Under this program, renters who can demonstrate the necessary financial hardship can qualify for rental arrears forgiveness that would be offset by a dollar-for-dollar reduction in the housing provider’s property tax payment. A targeted program of tax relief would both insulate tenants from future rent increases and also provide necessary relief on operating expenses.  No matter the cost, it is a proportionally small price to pay to stabilize the city’s housing and keep as many people in their homes as possible.  

Expand Funding To COVID Rent Relief Voucher Program. 

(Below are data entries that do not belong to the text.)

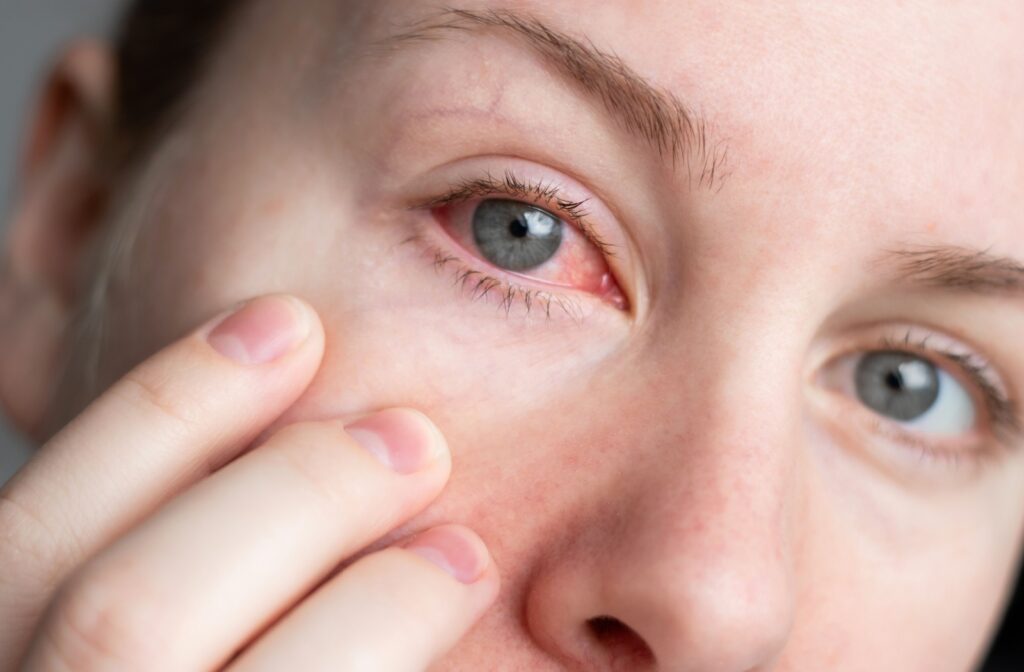 Close up of a person at the skin under their eye to better show their red eye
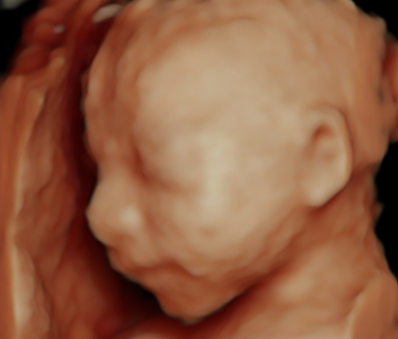 Pregnant woman holding ultrasound picture in front of her belly outdoors with yellow flowers in the background.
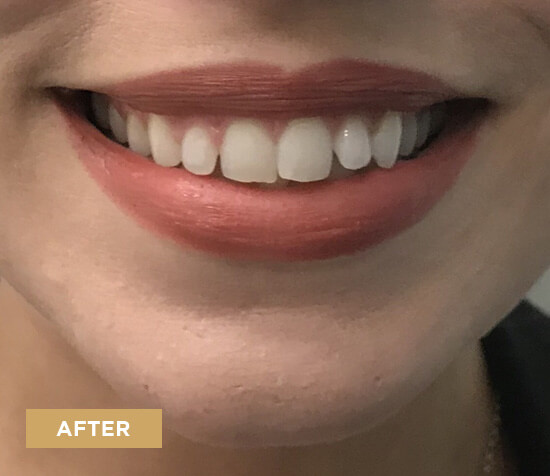 gummy smile after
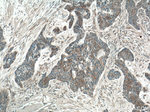 SFRP4 Antibody in Immunohistochemistry (Paraffin) (IHC (P))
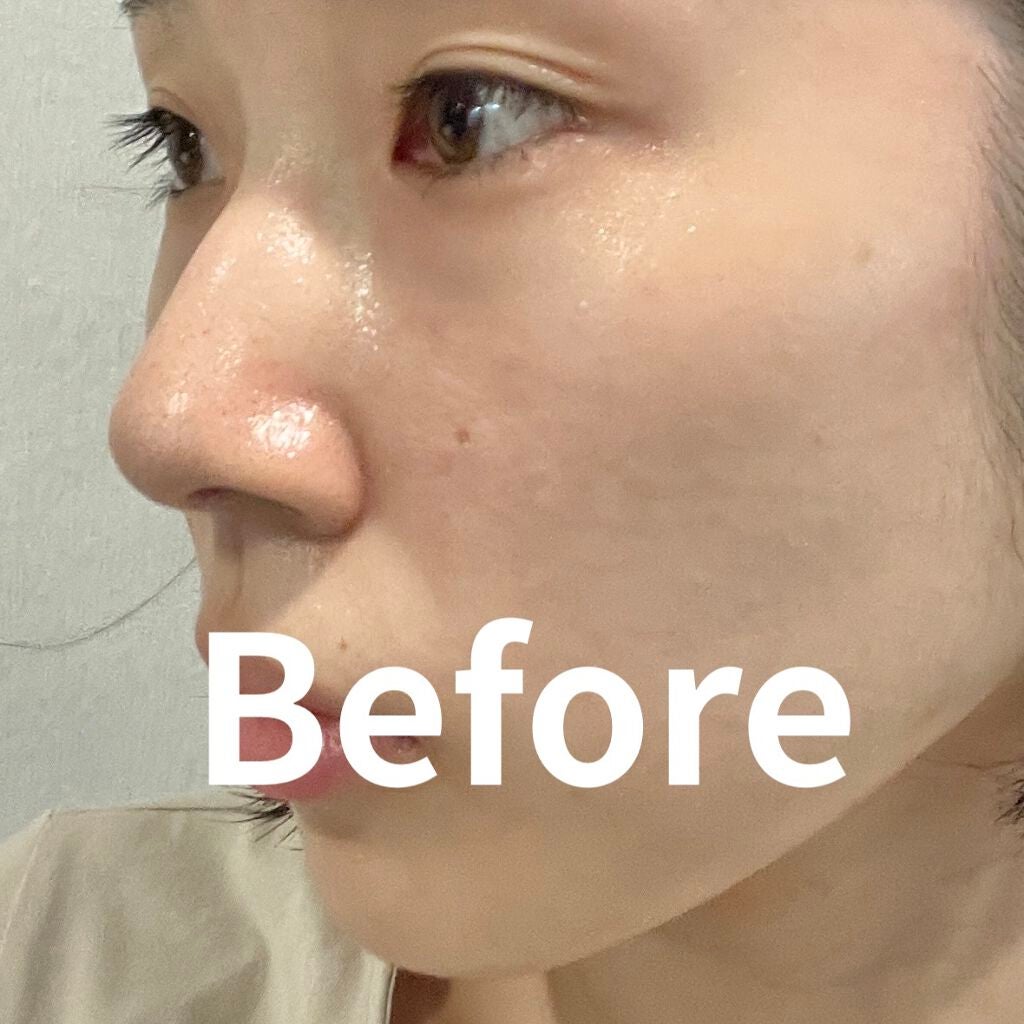 【旧】ディオールスキン フォーエヴァー スキン コレクト コンシーラー/Dior/リキッドコンシーラーを使ったクチコミ(3枚目)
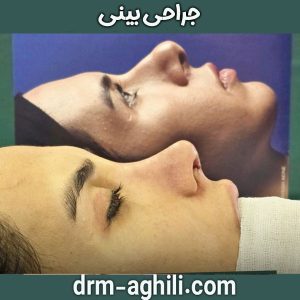 جراحی بینی دکتر محمدرضا عقیلی در گرگان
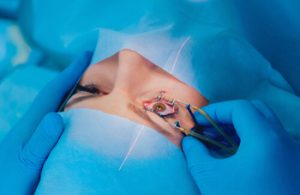 Laser Eye Surgery Cost Thailand procedure melbourne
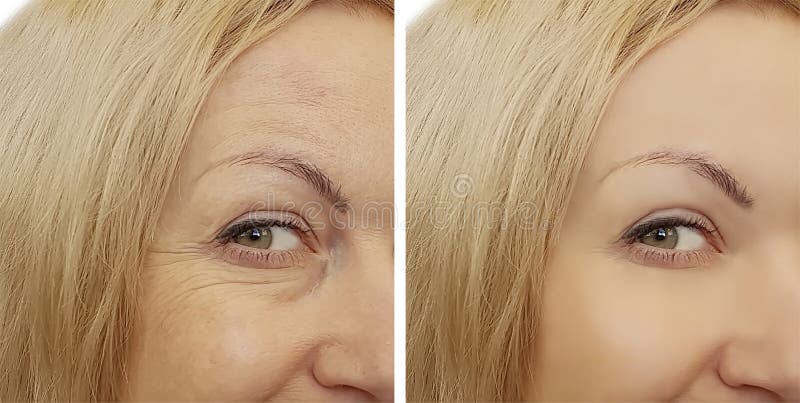 Морщинки стороны женщины before and after стоковая фотография rf Морщинки стороны женщины before and after стоковая фотография rf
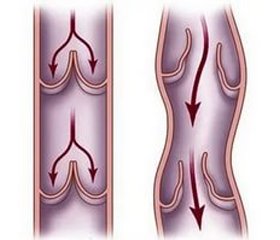 Патогенетическое лечение варикозной болезни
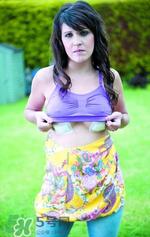 假体隆胸取出后图片 隆胸假体取一月图片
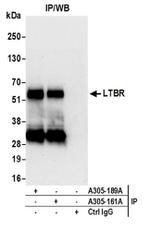 LTBR/Lymphotoxin-beta Receptor Antibody in Western Blot (WB)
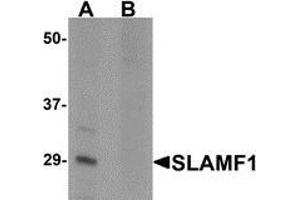 Western blot analysis of SLAMF1 in rat colon tissue lysate with SLAMF1 antibody at 1 μg/ml in (A) the absence and (B) the presence of blocking peptide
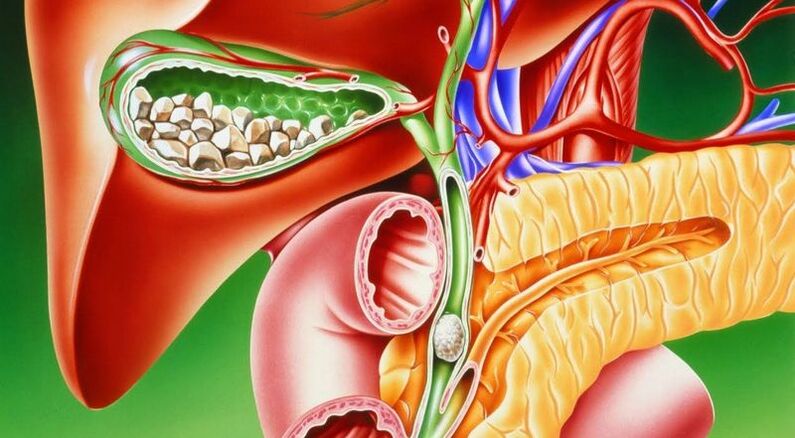 gallbladder ipo aworan atọka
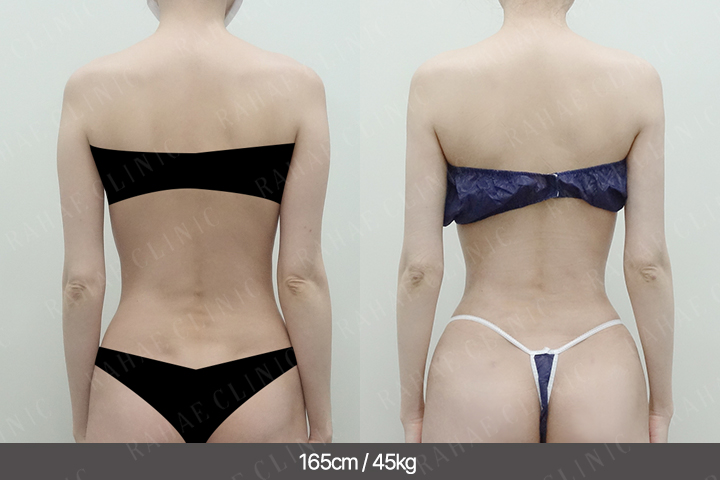 수술정보 <span>골반지방이식+엉덩이지방이식+복부지방흡입+팔지방흡입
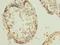 RB Binding Protein 9, Serine Hydrolase antibody, LS-C376437, Lifespan Biosciences, Immunohistochemistry paraffin image 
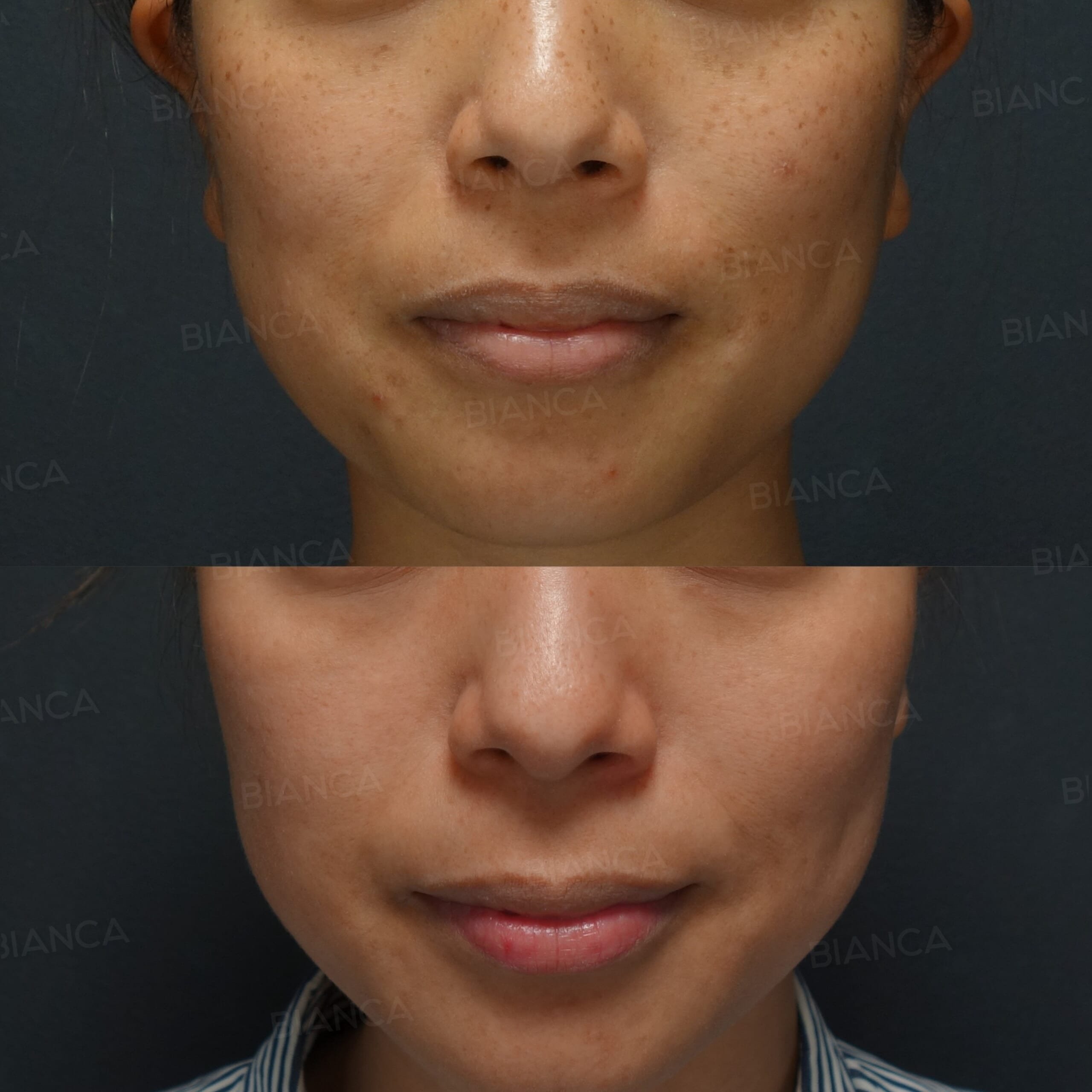 Strawberry Skin Treatment: The Fantastic News Everyone’s Been Waiting for in Tokyo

The legislature passed the Emergency Rent Relief Act of 2020 (S8419 / A10522) in June, and Homes and Community Renewal (HCR) began processing applications in August. The initial funding for the program was $100 million. CHIP members report payments through the Act have not covered all of a tenant’s existing arrears but they did bring much needed operating income to the building. Our members (the owners and operators of about 15% of NYC’s residential rental properties) estimated that they have lost at least $500 million in operating income since the start of the pandemic. The existing program is a start to filling this massive gap, but it needs more funding and to expand its eligibility requirements to cover more renters and more arrears.  The Act only covers rent losses from April to July, and does not cover the entirety of arrears that were owed by tenants but rather doled out benefits based on a formula that links payments to loss of income and percentage of income paid towards rent.